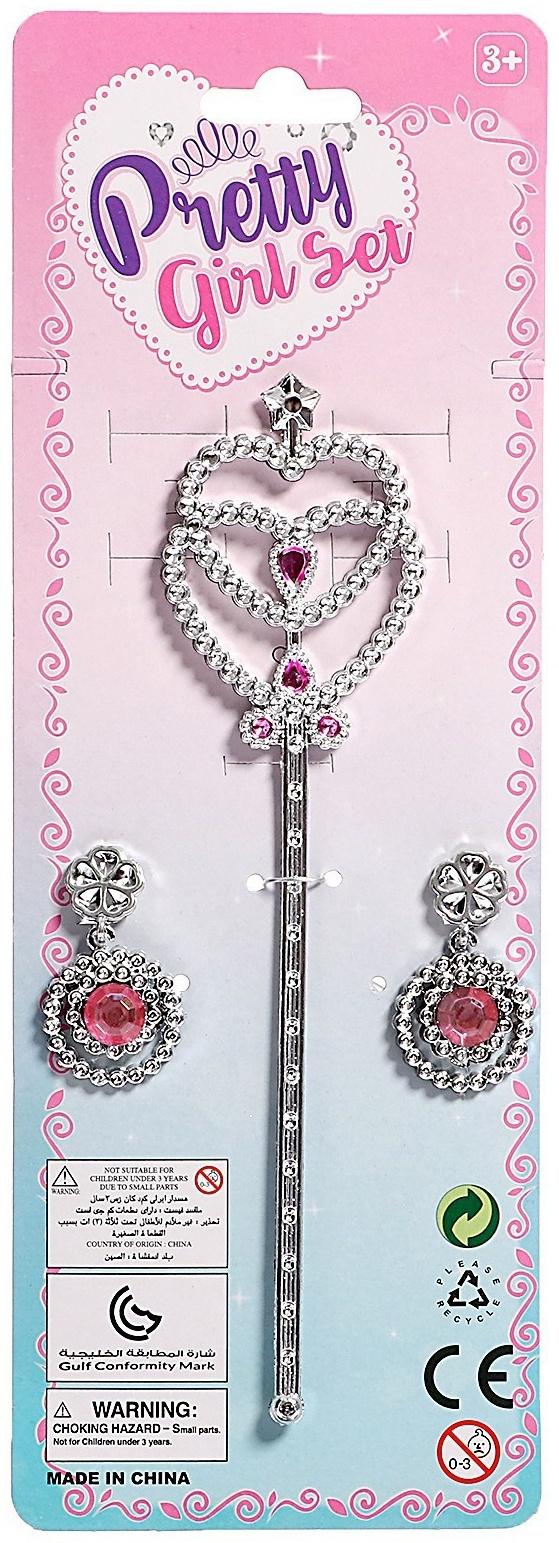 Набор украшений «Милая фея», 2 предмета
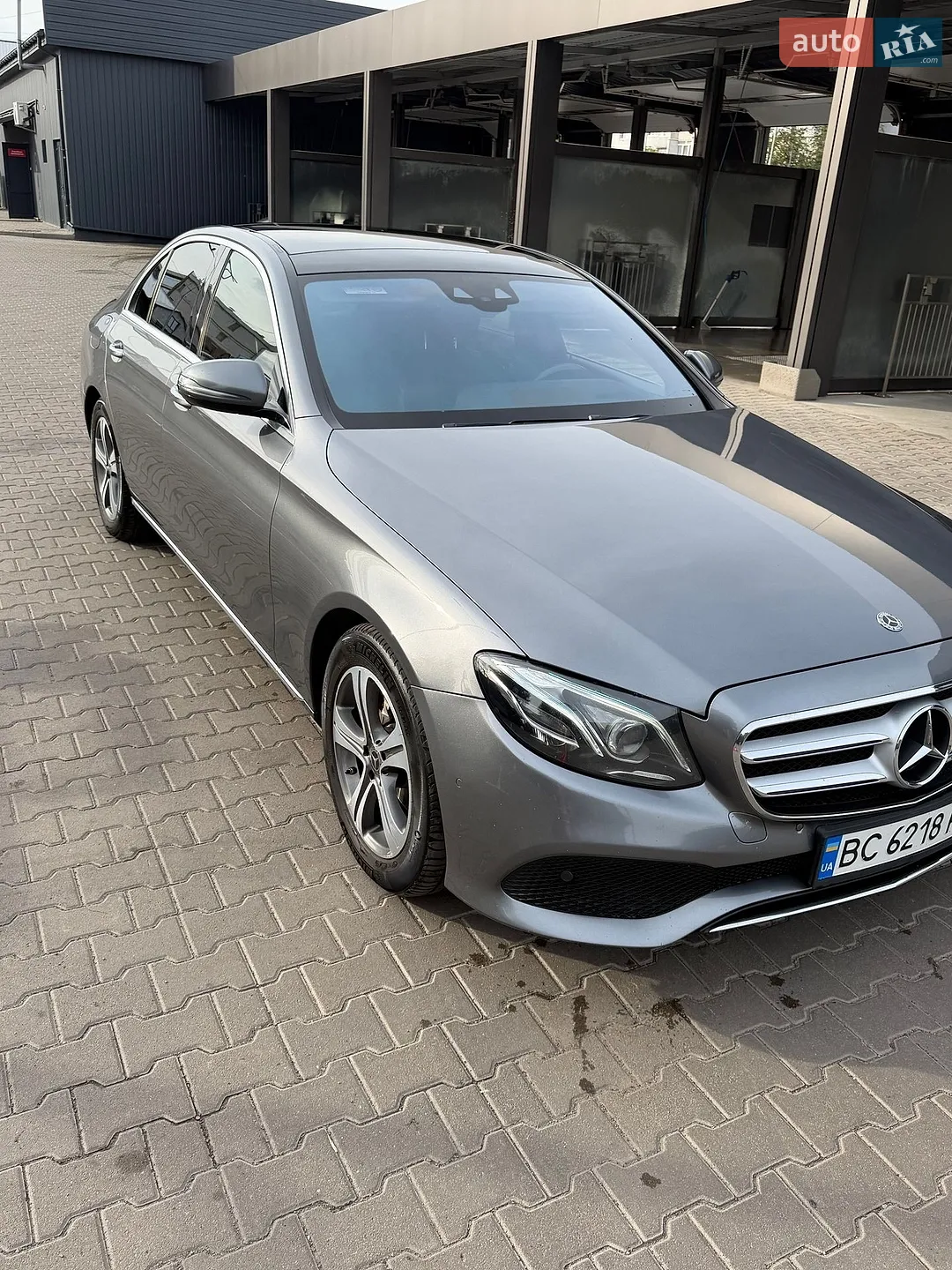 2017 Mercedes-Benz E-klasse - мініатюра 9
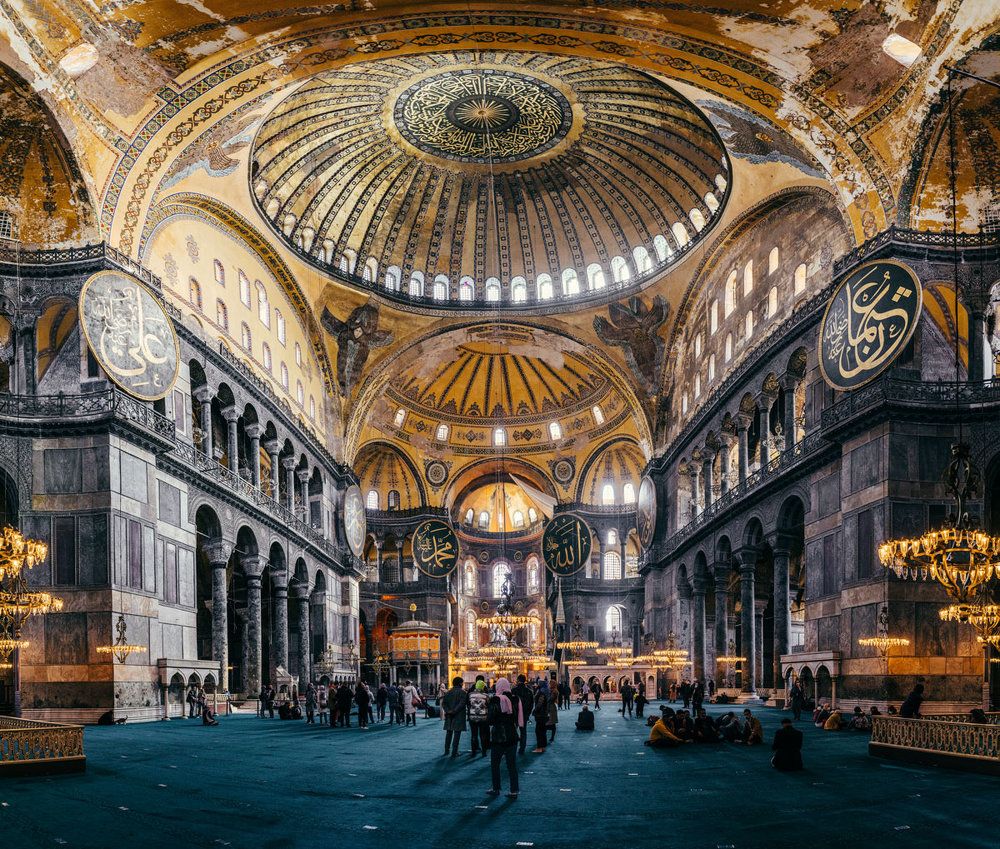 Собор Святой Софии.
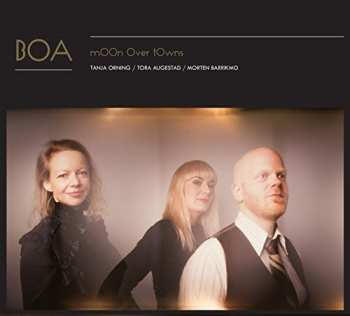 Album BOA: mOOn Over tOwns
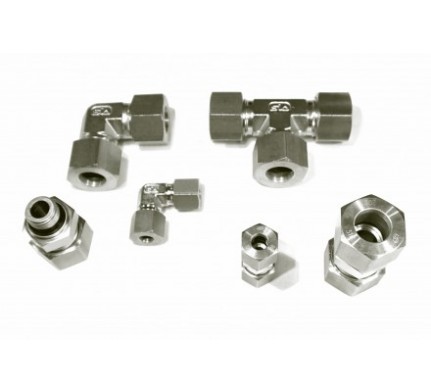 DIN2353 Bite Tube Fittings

*****

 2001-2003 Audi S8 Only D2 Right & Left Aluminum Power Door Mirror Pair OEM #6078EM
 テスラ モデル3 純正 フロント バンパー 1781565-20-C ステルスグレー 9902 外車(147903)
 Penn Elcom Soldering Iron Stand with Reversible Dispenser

*****

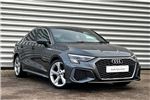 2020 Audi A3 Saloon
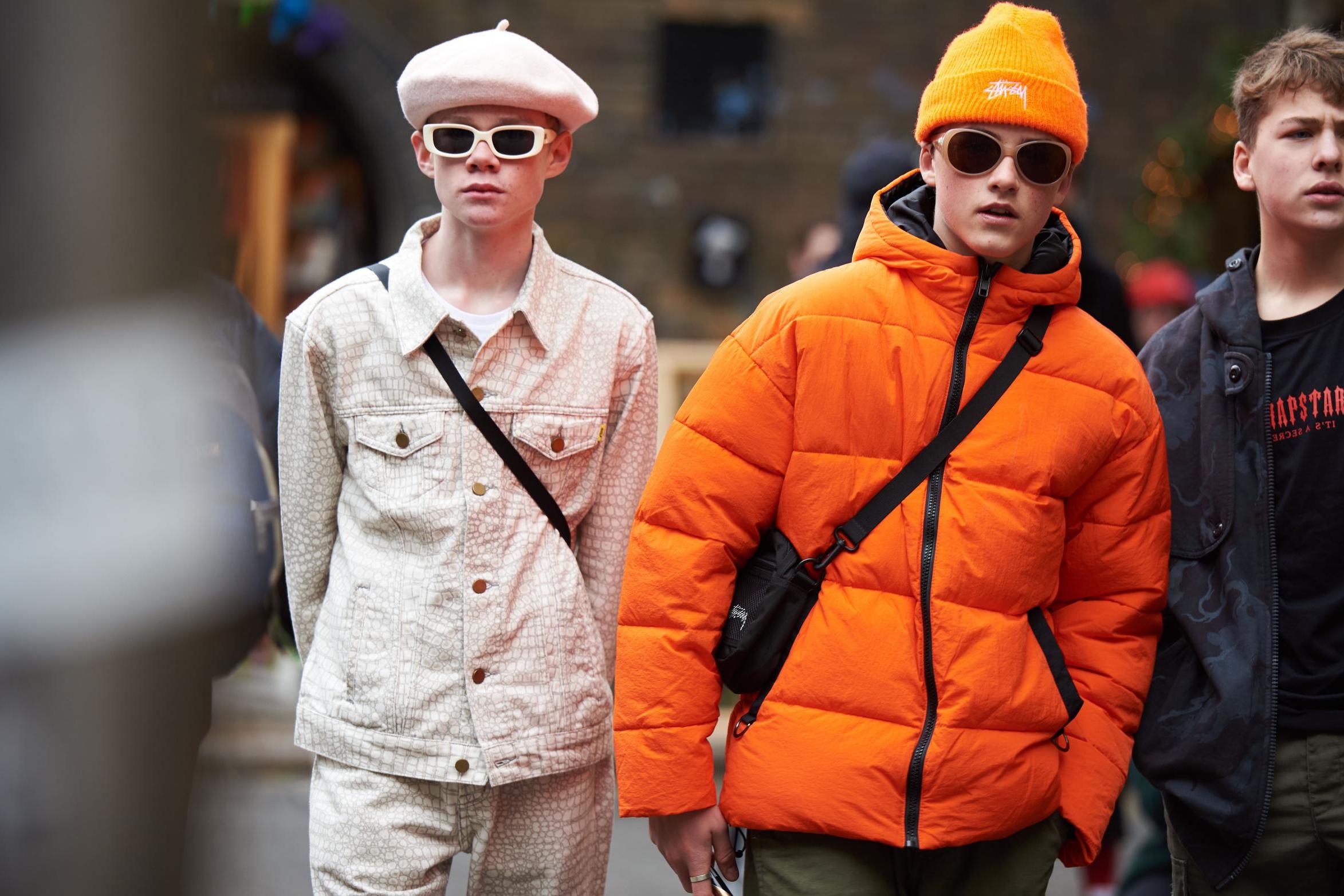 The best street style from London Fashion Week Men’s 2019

*****

> _TASK BRIEF_
What belongs in the answer is each line above from the line with "2017 Mercedes-Benz E-klasse - мініатюра 9" to the line with "DIN2353 Bite Tube Fittings", inclusive, reproduced exactly and free of pictures.

> _SOLUTION FOR THIS PROBLEM_
 2017 Mercedes-Benz E-klasse - мініатюра 9
 Собор Святой Софии.
 Album BOA: mOOn Over tOwns
 DIN2353 Bite Tube Fittings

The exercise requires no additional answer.